I eventually built a new server and properly set up the IW SiteWorx account for the hostname. Works nicely, I must say, since I made a server-wide change to ensure that every single domain on the server that has SSL certs automatically get A+.

Pleased as punch that I made it work server-wide and not just site specific. Gotta love ssl.conf! :stuck_out_tongue:

Edit: Feel free to check out the server’s rating. The server is https://helmsgate.eidolonhost.com and there’s a link to the SiteWorx log-in. I should probably do some stuff to prettify the default page with tutorials and whatnot…

7

[QUOTE=Keiro;28872]I eventually built a new server and properly set up the IW SiteWorx account for the hostname. Works nicely, I must say, since I made a server-wide change to ensure that every single domain on the server that has SSL certs automatically get A+.

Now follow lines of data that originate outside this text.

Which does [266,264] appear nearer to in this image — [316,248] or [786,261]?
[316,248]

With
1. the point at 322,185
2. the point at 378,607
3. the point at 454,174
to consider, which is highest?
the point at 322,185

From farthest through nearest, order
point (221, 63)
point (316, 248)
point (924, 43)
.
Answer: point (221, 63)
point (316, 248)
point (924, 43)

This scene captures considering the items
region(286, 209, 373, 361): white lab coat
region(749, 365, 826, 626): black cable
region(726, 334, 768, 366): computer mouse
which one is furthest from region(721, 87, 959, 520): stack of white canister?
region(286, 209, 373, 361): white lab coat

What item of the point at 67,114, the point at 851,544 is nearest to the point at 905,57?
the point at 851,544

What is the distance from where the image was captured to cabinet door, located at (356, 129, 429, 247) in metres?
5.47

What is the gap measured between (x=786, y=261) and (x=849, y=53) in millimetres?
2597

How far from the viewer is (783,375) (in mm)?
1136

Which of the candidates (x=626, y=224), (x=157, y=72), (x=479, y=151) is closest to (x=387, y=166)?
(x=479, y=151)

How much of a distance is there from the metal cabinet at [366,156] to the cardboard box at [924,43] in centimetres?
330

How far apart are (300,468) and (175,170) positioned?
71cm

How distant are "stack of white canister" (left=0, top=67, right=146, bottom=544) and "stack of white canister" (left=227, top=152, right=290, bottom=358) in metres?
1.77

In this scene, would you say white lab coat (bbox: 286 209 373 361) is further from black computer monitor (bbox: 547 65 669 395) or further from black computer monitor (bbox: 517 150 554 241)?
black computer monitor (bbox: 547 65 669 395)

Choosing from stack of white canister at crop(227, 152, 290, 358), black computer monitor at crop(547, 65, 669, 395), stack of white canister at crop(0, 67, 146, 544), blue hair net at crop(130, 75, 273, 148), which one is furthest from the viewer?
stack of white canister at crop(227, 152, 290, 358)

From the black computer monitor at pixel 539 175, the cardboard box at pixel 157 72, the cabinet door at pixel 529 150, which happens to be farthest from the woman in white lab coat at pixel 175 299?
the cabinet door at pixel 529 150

Pleased as punch that I made it work server-wide and not just site specific. Gotta love ssl.conf! :stuck_out_tongue:

Edit: Feel free to check out the server’s rating. The server is https://helmsgate.eidolonhost.com and there’s a link to the SiteWorx log-in. I should probably do some stuff to prettify the default page with tutorials and whatnot…[/QUOTE]

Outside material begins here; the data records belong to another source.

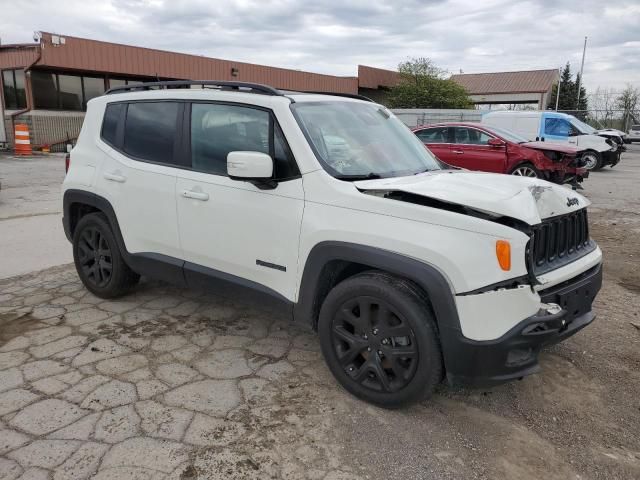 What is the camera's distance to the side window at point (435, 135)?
41.1ft

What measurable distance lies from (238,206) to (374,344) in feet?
4.18

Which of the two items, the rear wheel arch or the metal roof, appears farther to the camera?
the metal roof

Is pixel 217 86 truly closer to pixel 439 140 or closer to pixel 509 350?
pixel 509 350

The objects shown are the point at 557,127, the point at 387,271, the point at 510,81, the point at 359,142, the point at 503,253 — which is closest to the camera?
the point at 503,253

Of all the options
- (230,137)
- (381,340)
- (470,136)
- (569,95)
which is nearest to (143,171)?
(230,137)

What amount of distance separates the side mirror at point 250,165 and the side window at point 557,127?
16941mm

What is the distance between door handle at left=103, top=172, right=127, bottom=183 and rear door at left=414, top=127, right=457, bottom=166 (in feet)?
30.2

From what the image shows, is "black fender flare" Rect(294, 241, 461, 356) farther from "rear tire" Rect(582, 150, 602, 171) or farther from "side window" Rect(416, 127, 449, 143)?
"rear tire" Rect(582, 150, 602, 171)

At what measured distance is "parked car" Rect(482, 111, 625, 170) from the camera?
669 inches

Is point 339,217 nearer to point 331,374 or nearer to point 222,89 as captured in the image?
point 331,374

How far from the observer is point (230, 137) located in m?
3.62

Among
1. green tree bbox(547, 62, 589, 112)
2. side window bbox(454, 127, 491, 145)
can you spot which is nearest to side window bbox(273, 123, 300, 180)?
side window bbox(454, 127, 491, 145)

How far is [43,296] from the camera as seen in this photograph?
4.84 metres

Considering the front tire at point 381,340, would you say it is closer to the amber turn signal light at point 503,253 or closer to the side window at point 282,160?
the amber turn signal light at point 503,253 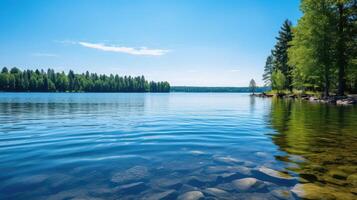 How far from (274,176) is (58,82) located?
16706 centimetres

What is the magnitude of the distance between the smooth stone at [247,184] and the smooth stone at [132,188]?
178cm

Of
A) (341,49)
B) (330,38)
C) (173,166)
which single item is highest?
(330,38)

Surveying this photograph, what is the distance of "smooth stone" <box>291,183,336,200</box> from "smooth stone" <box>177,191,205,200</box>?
1698 mm

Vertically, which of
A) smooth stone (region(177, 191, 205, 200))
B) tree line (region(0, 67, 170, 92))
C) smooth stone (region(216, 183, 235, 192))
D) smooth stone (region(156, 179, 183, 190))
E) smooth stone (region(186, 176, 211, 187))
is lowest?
smooth stone (region(156, 179, 183, 190))

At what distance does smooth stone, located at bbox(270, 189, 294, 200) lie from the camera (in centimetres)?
396

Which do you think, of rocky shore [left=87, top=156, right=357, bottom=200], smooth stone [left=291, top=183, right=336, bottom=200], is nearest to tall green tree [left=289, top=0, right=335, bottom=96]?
rocky shore [left=87, top=156, right=357, bottom=200]

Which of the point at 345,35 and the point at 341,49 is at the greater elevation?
the point at 345,35

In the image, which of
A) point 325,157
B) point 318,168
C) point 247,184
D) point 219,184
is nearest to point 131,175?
point 219,184

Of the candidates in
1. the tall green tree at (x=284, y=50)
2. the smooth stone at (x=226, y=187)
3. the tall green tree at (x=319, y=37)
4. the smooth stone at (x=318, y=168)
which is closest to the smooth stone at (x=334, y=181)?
the smooth stone at (x=318, y=168)

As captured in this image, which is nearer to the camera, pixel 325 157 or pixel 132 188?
pixel 132 188

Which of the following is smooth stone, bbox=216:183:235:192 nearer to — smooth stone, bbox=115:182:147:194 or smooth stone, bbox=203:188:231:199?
smooth stone, bbox=203:188:231:199

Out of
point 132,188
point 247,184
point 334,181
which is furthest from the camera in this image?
point 334,181

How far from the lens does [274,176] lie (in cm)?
496

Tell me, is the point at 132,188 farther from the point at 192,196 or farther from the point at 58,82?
the point at 58,82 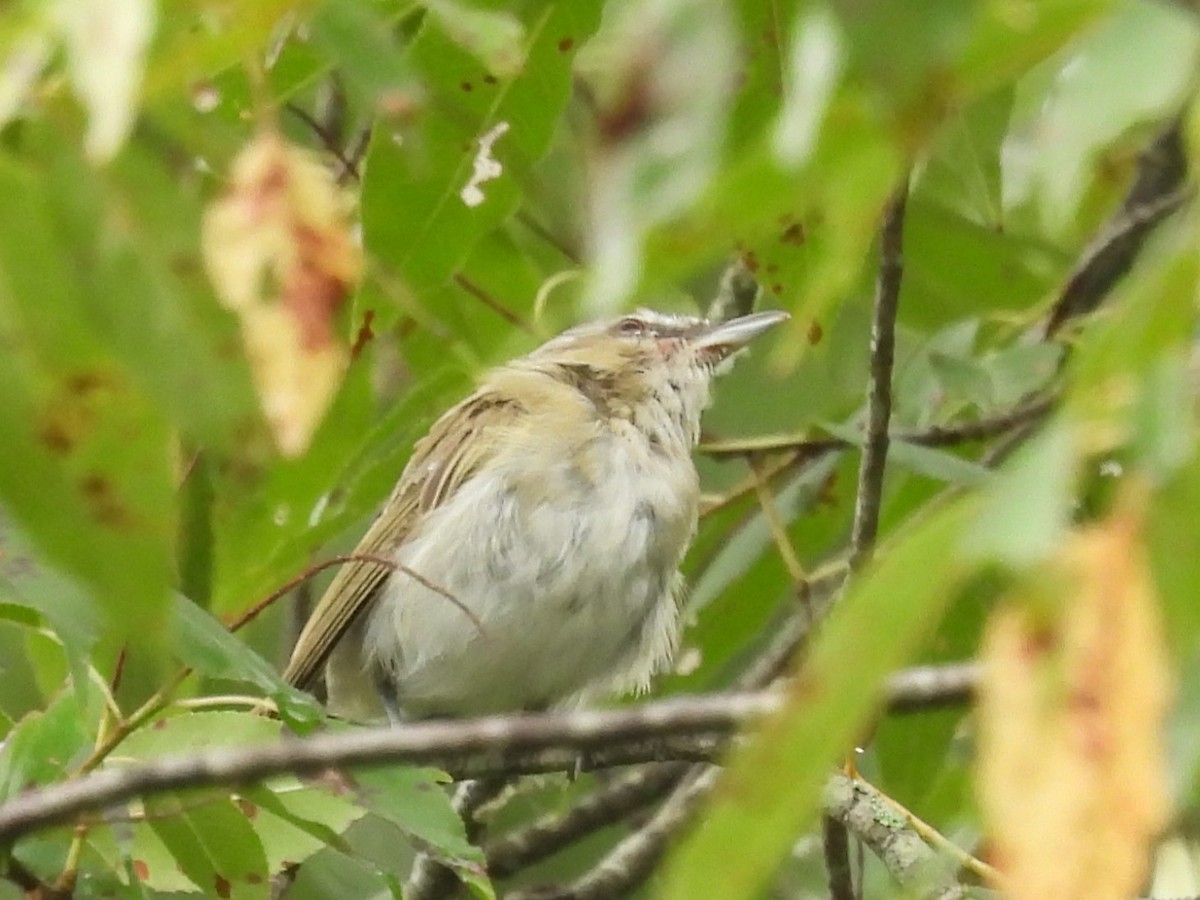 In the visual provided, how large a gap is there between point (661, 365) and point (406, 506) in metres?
0.71

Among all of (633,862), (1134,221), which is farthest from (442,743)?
(1134,221)

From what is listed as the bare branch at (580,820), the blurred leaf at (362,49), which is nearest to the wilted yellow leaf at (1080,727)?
the blurred leaf at (362,49)

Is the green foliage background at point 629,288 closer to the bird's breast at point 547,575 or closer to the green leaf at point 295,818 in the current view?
the green leaf at point 295,818

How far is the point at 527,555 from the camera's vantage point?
4023mm

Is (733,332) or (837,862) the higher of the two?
(733,332)

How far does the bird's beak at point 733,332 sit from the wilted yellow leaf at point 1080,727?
323 centimetres

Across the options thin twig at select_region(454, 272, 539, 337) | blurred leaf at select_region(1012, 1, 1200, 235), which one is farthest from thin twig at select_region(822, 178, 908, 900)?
blurred leaf at select_region(1012, 1, 1200, 235)

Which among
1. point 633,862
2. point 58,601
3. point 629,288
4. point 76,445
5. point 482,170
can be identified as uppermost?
point 629,288

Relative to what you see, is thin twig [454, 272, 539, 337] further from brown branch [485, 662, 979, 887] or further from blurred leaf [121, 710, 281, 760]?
blurred leaf [121, 710, 281, 760]

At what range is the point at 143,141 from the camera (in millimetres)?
1513

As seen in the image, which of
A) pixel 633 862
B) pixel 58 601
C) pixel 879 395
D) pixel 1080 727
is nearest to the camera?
pixel 1080 727

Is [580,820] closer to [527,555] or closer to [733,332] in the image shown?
[527,555]

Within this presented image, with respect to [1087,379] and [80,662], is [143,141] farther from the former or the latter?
[80,662]

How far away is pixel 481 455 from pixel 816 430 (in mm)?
778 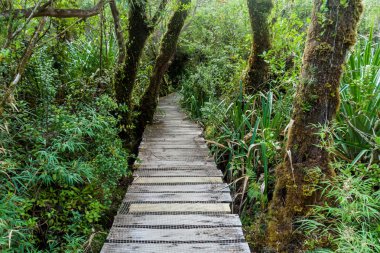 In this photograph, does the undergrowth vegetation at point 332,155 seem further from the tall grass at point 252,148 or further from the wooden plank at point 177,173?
the wooden plank at point 177,173

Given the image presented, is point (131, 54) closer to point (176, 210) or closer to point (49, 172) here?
point (49, 172)

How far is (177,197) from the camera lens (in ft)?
9.53

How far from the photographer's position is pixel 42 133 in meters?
2.74

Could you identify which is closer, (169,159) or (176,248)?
(176,248)

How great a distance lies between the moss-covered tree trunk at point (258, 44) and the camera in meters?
4.45

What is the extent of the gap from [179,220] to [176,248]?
0.36 metres

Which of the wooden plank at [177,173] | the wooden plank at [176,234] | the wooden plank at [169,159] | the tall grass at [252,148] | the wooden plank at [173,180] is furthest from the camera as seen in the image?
the wooden plank at [169,159]

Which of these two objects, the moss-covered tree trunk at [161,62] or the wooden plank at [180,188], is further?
the moss-covered tree trunk at [161,62]

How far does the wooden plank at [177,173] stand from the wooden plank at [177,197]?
0.47 metres

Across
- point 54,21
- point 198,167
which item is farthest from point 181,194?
point 54,21

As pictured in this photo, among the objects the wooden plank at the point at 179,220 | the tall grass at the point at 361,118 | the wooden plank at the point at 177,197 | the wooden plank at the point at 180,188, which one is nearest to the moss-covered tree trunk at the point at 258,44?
the tall grass at the point at 361,118

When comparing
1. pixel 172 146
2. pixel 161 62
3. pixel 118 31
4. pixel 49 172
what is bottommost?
pixel 172 146

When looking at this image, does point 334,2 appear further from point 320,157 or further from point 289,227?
point 289,227

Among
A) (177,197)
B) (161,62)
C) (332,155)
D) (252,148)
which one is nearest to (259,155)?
(252,148) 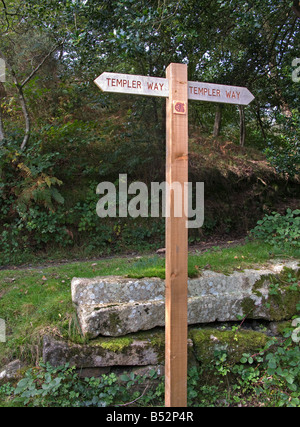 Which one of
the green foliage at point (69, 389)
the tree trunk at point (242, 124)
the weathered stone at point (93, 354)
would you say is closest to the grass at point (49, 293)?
the weathered stone at point (93, 354)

I would be interested to know what changes you made to accomplish A+. I’ve been A for a while and have never seemed to be able to push to A+. I’m guessing that has to do with HSTS and SNI support on all domains (those two things are at the top of your report but not mine https://www.ssllabs.com/ssltest/analyze.html?d=sereph.122media.com). Are those these changes you are talking about?

8

Yup. I will update on this later. I am on mobile.